Par Franc Muller – Avocat droit du travail, Paris

 

L’employeur peut-il valablement déduire de la rémunération variable d’un salarié le montant des charges sociales relatives au salaire qu’il lui verse ?

Il arrive que le contrat de travail d’un salarié stipule que sa rémunération variable sera constituée d’un certain pourcentage de la marge nette dégagée par l’employeur.

La marge nette est déterminée après déduction par l’employeur de différentes charges qu’il supporte.

L’article L 241-8 du Code de la sécurité sociale prévoit que « la contribution de l’employeur reste exclusivement à sa charge, toute convention contraire étant nulle de plein droit ».

Ces dispositions sont-elles donc de nature à interdire une clause du contrat de travail fixant la rémunération variable du salarié déduction faite des cotisations sociales payées par l’employeur ?

La règle applicable

Interprétant ce texte, la Chambre sociale de la Cour de cassation avait dégagé le principe suivant : « la clause contractuelle, selon laquelle les commissions revenant au salarié étaient diminuées du montant des cotisations sociales patronales, est nulle » (Cass. Soc. 17 oct. 2000 n° 98-45669).

Il s’agissait en l’espèce d’un salarié dont le contrat de travail prévoyait que sa rémunération serait déterminée par le solde d’un compte comprenant, en crédit, plusieurs postes au titre de son apport à l’activité de l’entreprise et, en débit, les dépenses en résultant, parmi lesquelles figurait la totalité des charges versées par l’employeur sur sa rémunération.

Ce mode de calcul avait donc été jugé illicite.paiement bonus

La Haute juridiction appliquait il y a peu encore le même raisonnement à une salariée dont le contrat de travail prévoyait une rémunération variable représentant 2 % du résultat avant impôt de l’exercice de la société.
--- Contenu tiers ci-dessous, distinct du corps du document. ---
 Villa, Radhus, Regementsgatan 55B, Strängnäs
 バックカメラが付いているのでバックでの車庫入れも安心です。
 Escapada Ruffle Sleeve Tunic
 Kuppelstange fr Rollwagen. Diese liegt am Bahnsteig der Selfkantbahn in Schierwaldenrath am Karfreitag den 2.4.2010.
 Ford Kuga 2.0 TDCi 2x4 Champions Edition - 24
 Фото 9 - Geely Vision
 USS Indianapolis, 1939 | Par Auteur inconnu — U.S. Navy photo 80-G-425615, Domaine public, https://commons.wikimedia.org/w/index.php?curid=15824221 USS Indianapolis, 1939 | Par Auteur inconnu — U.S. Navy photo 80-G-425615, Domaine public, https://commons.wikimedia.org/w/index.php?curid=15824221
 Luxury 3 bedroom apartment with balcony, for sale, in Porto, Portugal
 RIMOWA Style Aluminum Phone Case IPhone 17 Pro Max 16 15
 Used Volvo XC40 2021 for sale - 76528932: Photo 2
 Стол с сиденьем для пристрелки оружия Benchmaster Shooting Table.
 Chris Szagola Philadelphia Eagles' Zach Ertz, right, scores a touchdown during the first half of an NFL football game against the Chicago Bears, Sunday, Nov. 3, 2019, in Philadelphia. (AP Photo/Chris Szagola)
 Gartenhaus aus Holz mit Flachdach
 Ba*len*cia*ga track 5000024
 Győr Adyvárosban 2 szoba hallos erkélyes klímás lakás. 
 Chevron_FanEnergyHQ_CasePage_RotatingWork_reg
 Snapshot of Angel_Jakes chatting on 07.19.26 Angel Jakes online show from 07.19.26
Elle avait jugé, sur le fondement de l’article L 241-8 du Code de la sécurité sociale, que la base de calcul de la rémunération variable de la salariée méconnaissait l’exigence selon laquelle les cotisations sociales dues par l’employeur restent exclusivement à sa charge.

De sorte que l’employeur devait réintégrer le montant des cotisations patronales de sécurité sociale dans l’assiette de calcul de la rémunération variable (Cass. Soc. 5 juill. 2017 n° 16-13042).

La Cour de cassation vient toutefois de revenir en partie sur cette jurisprudence

L’affaire qui lui était soumise concernait un salarié dont le contrat de travail mentionnait, qu’outre un salaire brut mensuel forfaitaire, il bénéficierait d’une commission de 20 % de la marge nette réalisée sur son secteur.

La marge nette étant obtenue par la déduction de la marge brute des frais de voiture, téléphone, restaurant, péage, exposés par le salarié, ainsi que d’un forfait au titre des charges sociales.

A priori, une telle rédaction n’avait pas les faveurs des Hauts magistrats.

Pourtant, ils valident la clause litigieuse.

Dans la notice explicative qui accompagne leur décision, ils précisent l’évolution de leur position.

La Chambre sociale de la Cour de cassation considère en effet que la prohibition de l’article L 241-8 du code de la sécurité sociale ne porte que sur les modalités de paiement de la rémunération et pas sur sa détermination.

Elle expose ainsi que les parties peuvent, pour des raisons qui leur appartiennent, parfaitement exclure les cotisations sociales patronales de l’assiette de calcul, sans que cela remette en cause le paiement par l’employeur des cotisations patronales dues sur le montant de la rémunération revenant effectivement au salarié.

Nullité de plein droit des clauses du contrat de travail déduisant les cotisations sociales dues par l’employeur

En conséquence, ils rappellent dans cet arrêt que, sont nulles de plein droit les dispositions d’un contrat de travail en vertu desquelles la rémunération variable d’un salarié est déterminée déduction faite des cotisations sociales à la charge de l’employeur.

Avant d’ajouter, « toutefois, s’agissant de la détermination de l’assiette de la rémunération variable, de telles dispositions contractuelles n’ont pas pour effet de faire peser sur le salarié la charge des cotisations patronales. Il en résulte qu’il y a lieu de juger désormais que la détermination de l’assiette de la rémunération variable ne relève pas de la prohibition de l’article L 241-8 du code de la sécurité sociale qui ne concerne que le paiement des cotisations sociales » (Cass. Soc. 27 janv. 2021 n° 17-31046).

Rappelons, en conclusion, que les conditions de validité de la rémunération variable restent en tout état de cause subordonnées à l’existence d’éléments objectifs indépendants de la volonté de l’employeur, et à ce que la clause ne fasse pas porter le risque d’entreprise sur le salarié (Cass. Soc. 2 juill. 2002 n° 00-13111).